_What is being asked_. Retype the lines of the material below, exactly and only, from the one containing "dijual rumah grogol utara" through the last line, with pictures left out.

_Records for this task_.
◇ ◇ ◇ ◇

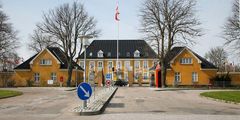 I bygning 41 på Høvelte Kaserne skal der etableres nye baderum, nye værelser og nye kommandokontorer samt renoveres gulve, ventilation og elinstallationer. Malerarbejde afslutter moderniseringen af rammerne for de værnepligtiges indkvartering.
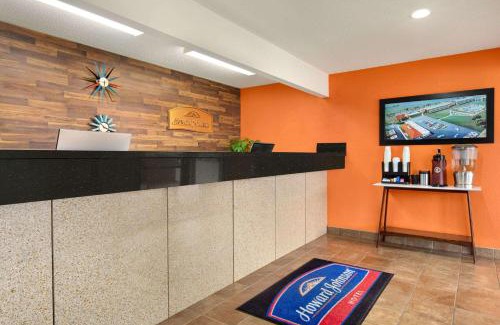Waterloo Hotel | Comfortable Stay at Howard Johnson Waterloo with Great Amenities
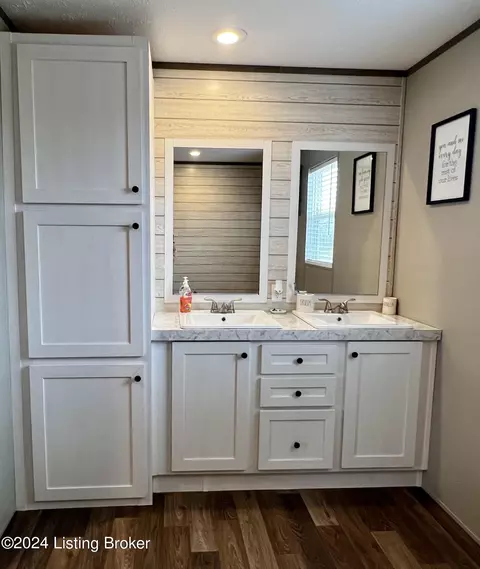 Bath - 1759 Stringtown Rd, Corinth, KY 41010 photo 3 of 4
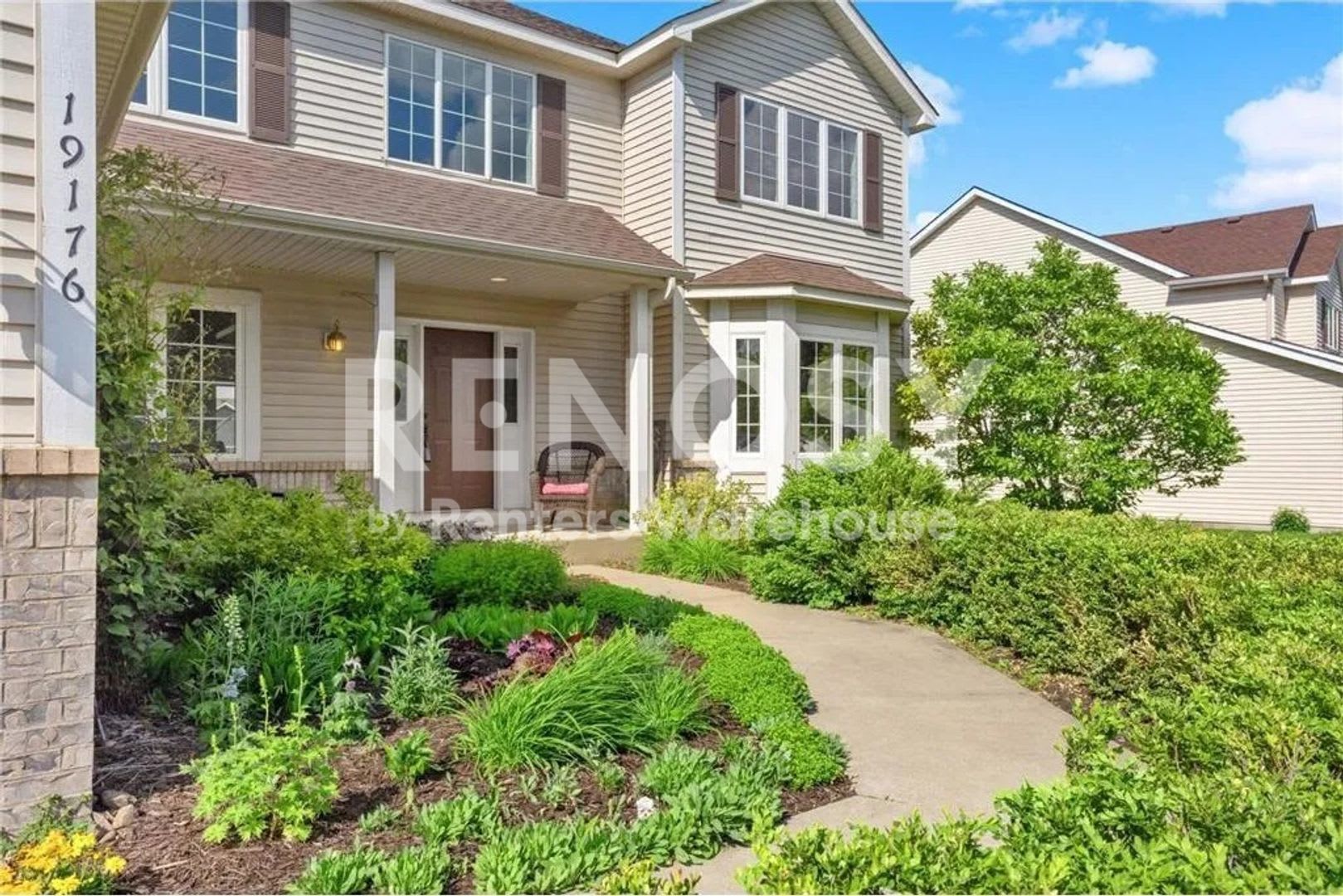Available August 1st 7 Bedroom 4 Bath Single Family Home in Lakeville – photo 1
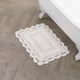 thumbnail image 1 of Alfombra de baño Laura Ashley reversible de ganchillo, 100% algodón, color marfil, 1 of 8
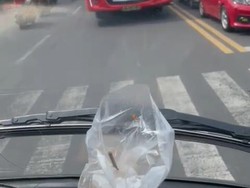 Polisi Janji Menindak Bus Lawan Arah yang Diadang VW Combi di Tulungagung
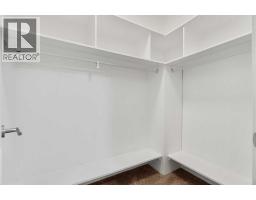 4828 20 Avenue NW - photo 37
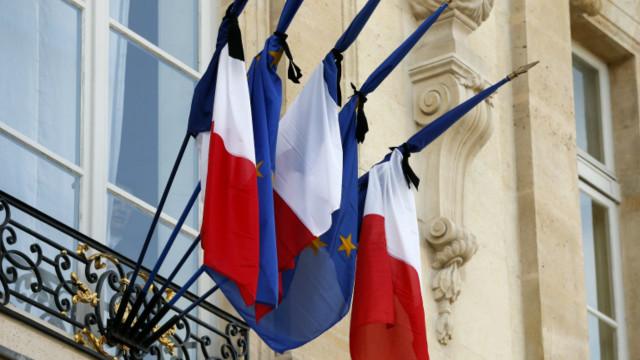 爱丽舍宫法国国旗绑黑丝带，向暴利袭击事件中的遇难者表示哀悼。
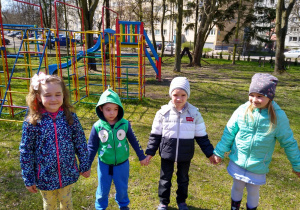 dzieci w ogrodzie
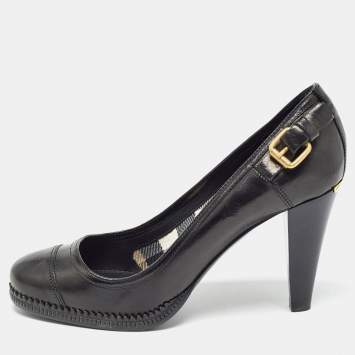 Pre Owned Burberry Black Leather Buckle Detail Pumps Size 38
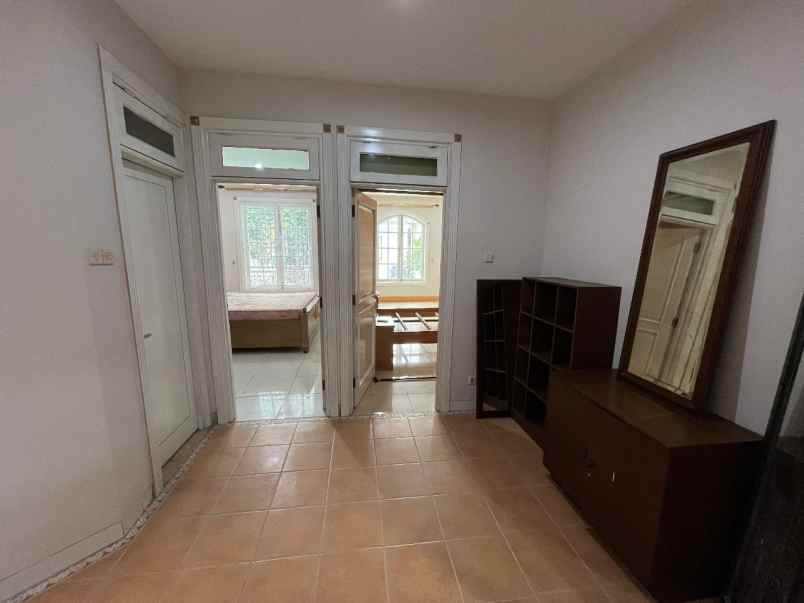 dijual rumah grogol utara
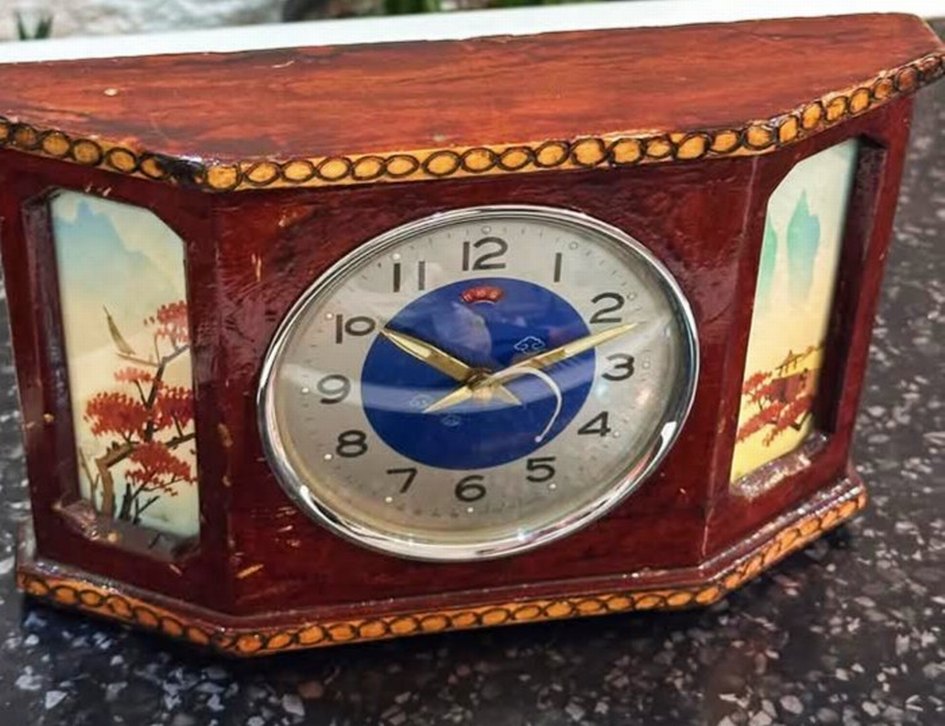 Dönem ürünü koleksiyonluk dekorluk çalışır Shangai kurmalı masa - Görsel 3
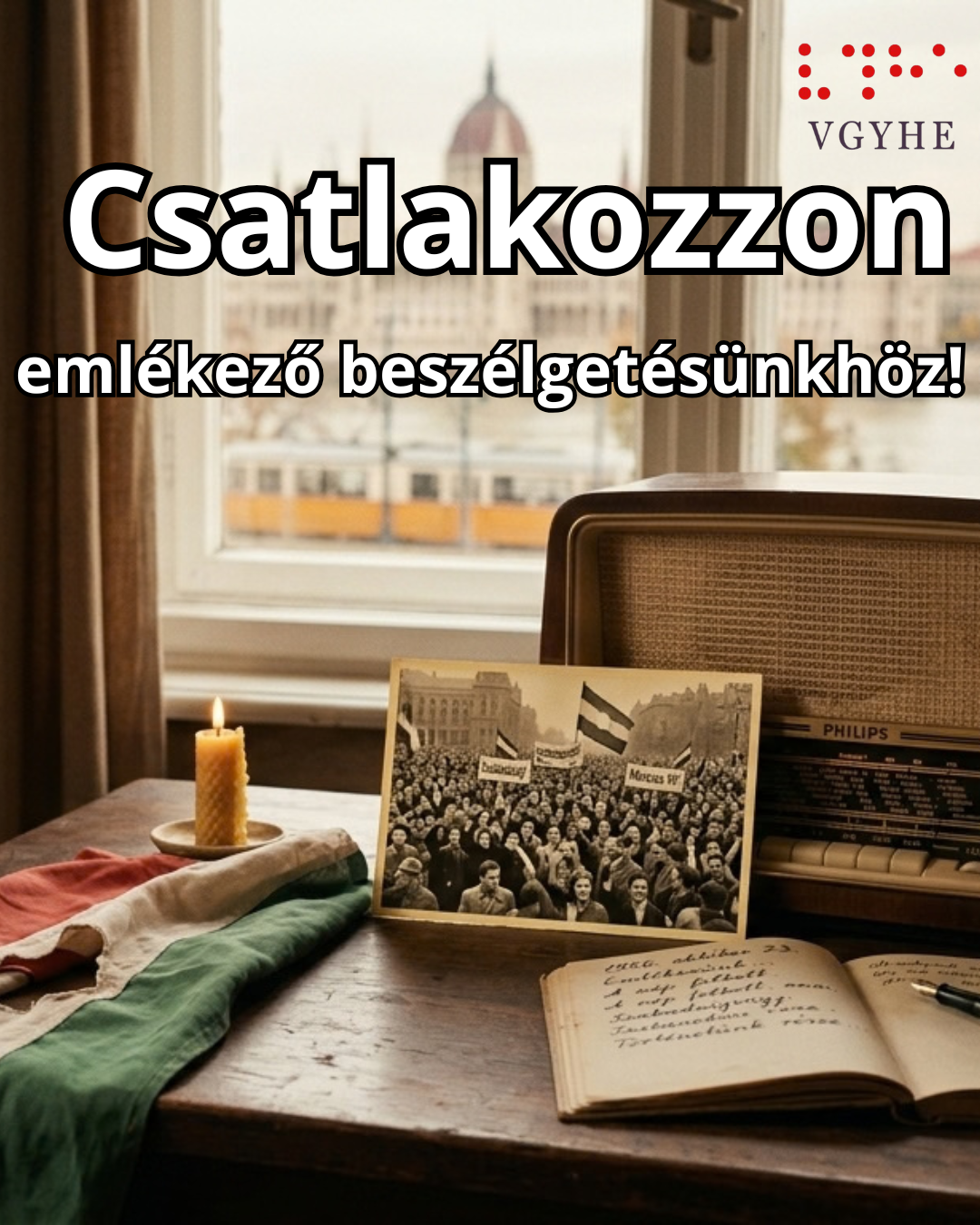 Előtérben egy régi faasztalon 1950-es évekbeli rádió, mellette egy megsárgult fekete-fehér fotó a budapesti tömegről, egy nyitott jegyzetfüzet tollal, a magyar zászló, és egy égő gyertya. A háttérben az ablakon keresztül lágyan elmosódva látszik Budapest látképe a Parlamenttel és a Dunával. A kép felső részében a „csatlakozzon emlékező beszélgetésünkhöz” felirat látható.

◇ ◇ ◇ ◇

_Response_.
 dijual rumah grogol utara
 Dönem ürünü koleksiyonluk dekorluk çalışır Shangai kurmalı masa - Görsel 3
 Előtérben egy régi faasztalon 1950-es évekbeli rádió, mellette egy megsárgult fekete-fehér fotó a budapesti tömegről, egy nyitott jegyzetfüzet tollal, a magyar zászló, és egy égő gyertya. A háttérben az ablakon keresztül lágyan elmosódva látszik Budapest látképe a Parlamenttel és a Dunával. A kép felső részében a „csatlakozzon emlékező beszélgetésünkhöz” felirat látható.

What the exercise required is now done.